A convoy rolls out of F.E. Warren Air Force Base, Wyo., with non-security forces members for the first time Jan. 25, 2018. A Marine and an Air Force missileer rode inside a Humvee within the convoy, allowing them to cross-talk with other career fields. (U.S. Air Force photo by Airman 1st Class Abbigayle Wagner)

A convoy rolls out of F.E. Warren Air Force Base, Wyo., with non-security forces members for the first time Jan. 25, 2018. A Marine and an Air Force missileer rode inside a Humvee within the convoy, allowing them to cross-talk with other career fields. (U.S. Air Force photo by Airman 1st Class Abbigayle Wagner)

F. E. WARREN AIR FORCE BASE, Wyo. --

A Marine steps into the bearcat, ready to roll out on his first convoy with the Air Force.
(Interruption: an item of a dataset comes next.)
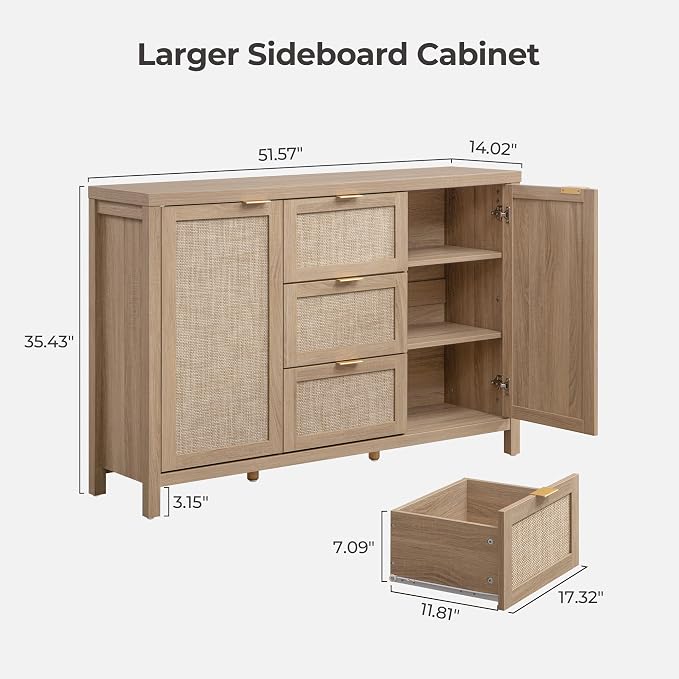 SICOTAS 52" Larger Sideboard Buffet Coffee Bar Cabinet - Image 3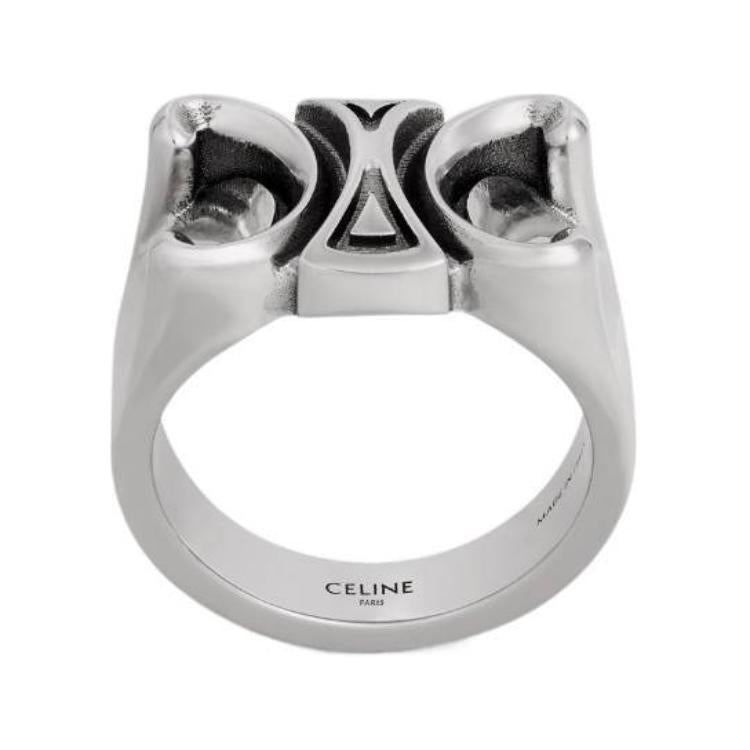 CELINE San Onofre Chunky Triomphe Ring In Brass With Rhodium Finish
Right behind him follows a missileer from the 90th Operations Group. These two are the first ride-along participants from outside the Convoy Response Force on F. E. Warren Air Force Base.

 

In an effort to provide opportunities for communication across different specialties – and even military services – the CRF invited a security forces officer from the Marine Corps and a missileer to ride along in a convoy here Jan. 25, 2018.

 

Marine Capt. Sean Ford, executive officer for the U.S. Marine Corps Security Battalion at Navy Base Kitsap near Bangor, Washington, came to F. E. Warren to participate in a convoy and learn more about how the Air Force conducts their operations, while 2nd Lt. Belen Quillen, deputy crew commander from the 321st Missile Squadron, came to learn more about her security forces counterparts.

 

“This is a great opportunity for some cross-pollination,” said 2nd Lt. Steven Robinson, CRF commander. “When we get to do these types of things, other communities get to see and experience what we do and they leave with a better appreciation for it, because they understand.”

 

That sense of understanding was not lost on Quillen, who left with a different appreciation for the cops’ efforts.

 

“Before we left, I was excited to see all the logistics behind transporting materiel and personnel,” said Quillen. “This experience reinforced the fact that the cops are valuable members of our community who are more important than we sometimes give them credit for.”

 

As part of his position, Ford participates in nearly daily convoy training and exercises in Washington, although the convoys executed there are entirely within the confines of the military installation.

 

“The main purpose of my trip here today is to compare and contrast the way the Navy and Marine Corps run convoys to the Air Force,” said Ford. “If I can provide any pointers, I’ll do that, but it’s really more to try and find ways to improve convoy processes across the services.”

 

Nuclear convoys transport some of the country’s most powerful resources across miles of public highway to ensure ICBM wings are equipped to execute their strategic deterrence mission. The movements require collaboration between operators, security forces members and maintainers, said Capt. Timothy Marriner, 90th Security Support Squadron operations officer. The 90th Missile Wing drives about 15,000 convoy miles annually to accomplish that mission.

 

Even before rollout, Ford knew that the nuclear convoy was different than what he was used to, with more vehicles and more incorporation of troops outside of security forces.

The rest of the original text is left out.